Un nouveau coup de gueule en cette belle journée de juin 2012 .
 
Le sujet ? le nouveau règlement européen qui entre en vigueur pour les vendanges 2012 .
 
Ainsi on amuse une fois de plus le bon peuple en créant ces fameux VINS BIO (sic) en acceptant des taux de So2 (SOUFRE) totaux de 100mg/litre pour les vins rouges et de 150 mg/litre pour les vins blancs.
 
Il est a signaler que mon propre vin rouge SANS SOUFRE AJOUTÉ contenait en 2009 25 mg/litre et que les fraudes à l’époque m’avaient fort logiquement refusé le nom commercial de SANS SOUFRE. En effet, les levures ayant produit une forte quantité naturellement, il apparaissait impossible de savoir si ce soufre était d’origine naturelle ou ajoutée . D’ou le nom commercial de SANS SOUFRE AJOUTÉ.
 
Or que nous dit la nouvelle réglementation ? Que le taux de 100 est bio !  On se moque de qui ?
On amuse le peuple en ergotant sur les autres intrants, colles, levures, enzymes etc. et on ne parle jamais des effets du Soufre ( métabisultfite ou So2 ) pour l’organisme.
 
Oubliez les maux de tête récurrents depuis 30 ans, disparues les allergies et autres maux d’estomac, passé à la trappe le jaunissement des vins et les conséquences sur le vieillissement accéléré des bouteilles.
 
Pour qui nous prennent-ils ?
 
Une fois de plus, l’industrie agroalimentaire a gagné en faisant passer cette question cruciale aux oubliettes.
 
Pourquoi me direz-vous ? Parce que, braves gens, à ce jour le So2 est utilisé dans énormément de nourritures ; les vins, les jus de fruits, les fruits secs, les légumes préparés (bonne dégustation dans le TGV et les avions) et de manière générale tout ce qui vit et risque de fermenter avant la fin de la fameuse DLC (durée limite de consommation) comme s’ils ne savaient pas que notre organisme contient 8 puissance 6 millions de bactéries….
 
Déplorable que l’on ait pu laisser passer cette authentique fraude qui ne l’est plus, puisque c’est la loi qui le dit.
 
Passez votre chemin braves gens , continuez à vous dire que décidément, chaque fois que vous buvez du rosé ou du blanc vous êtes victime d’un beau mal de tête devant et derrière le crâne.

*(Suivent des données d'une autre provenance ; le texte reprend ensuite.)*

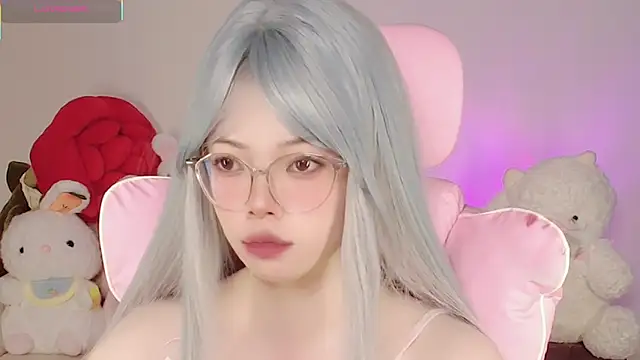Miyeoonn online show from April 2026 06:03:02 AM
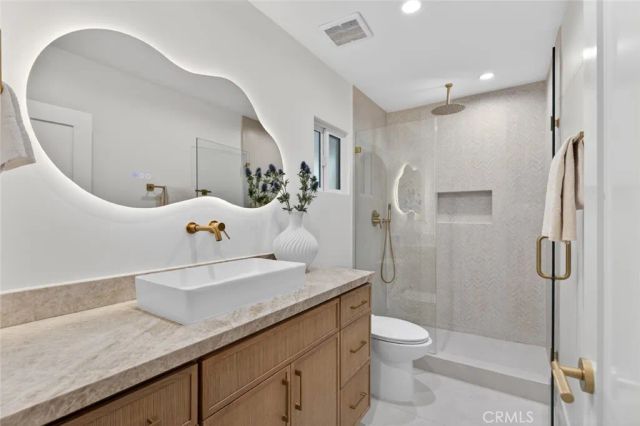 9970 Milano, Sun Valley, CA 91352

Continuez à vous diriger vers d’autres boissons qui, bien que plus fortes en alcool, ont au moins l’avantage de vous laisser un lendemain matin sans trop de séquelles.
 
Le système est en marche et ce n’est pas moi qui vais pouvoir enclencher la marche arrière, trop d’intérêts, trop d’hypocrisie et de démission.
 
Cependant, la vie repassant toujours les plats, nous ne sommes pas loin comme pour la lutte anti-alcoolique, d’arriver au bout du modèle (avec la complicité objective de tous nos grands responsables).
 
Elle est belle la lutte contre les addictions, échec dans la société ; consommation d’anti-dépresseurs autorisée, de drogues dites douces comme le cannabis, de pillules magiques genre le «crocodile » ou le « cannibale » (ma connaissance étant plutôt limitée sur le sujet ) ou encore mieux, de boissons autrement plus fortes que le vin dans les soirées étudiantes publiques ou privées d’ailleurs.
Il ne reste plus qu’à libérer la consommation de cannabis et vous aurez fait un strike ; tuer le vin, tuer un des derniers produits véritablement français et permettre à des fous de circuler sans aucun problème de contrôle possible.
 
La rigolade ne fait que commencer !
 
En attendant de pouvoir remplacer mes vignes par des plantations de chanvre, j’essaie de produire des vins les plus naturels et sains qui, un jour me permettront de faire rembourser mes clients par l’assurance sociale en tant que produit sain et hygiénique (Pasteur 1822-1895).
 
 
Henri Milan St Rémy le 25 juin 2012

 

Déguster or not déguster?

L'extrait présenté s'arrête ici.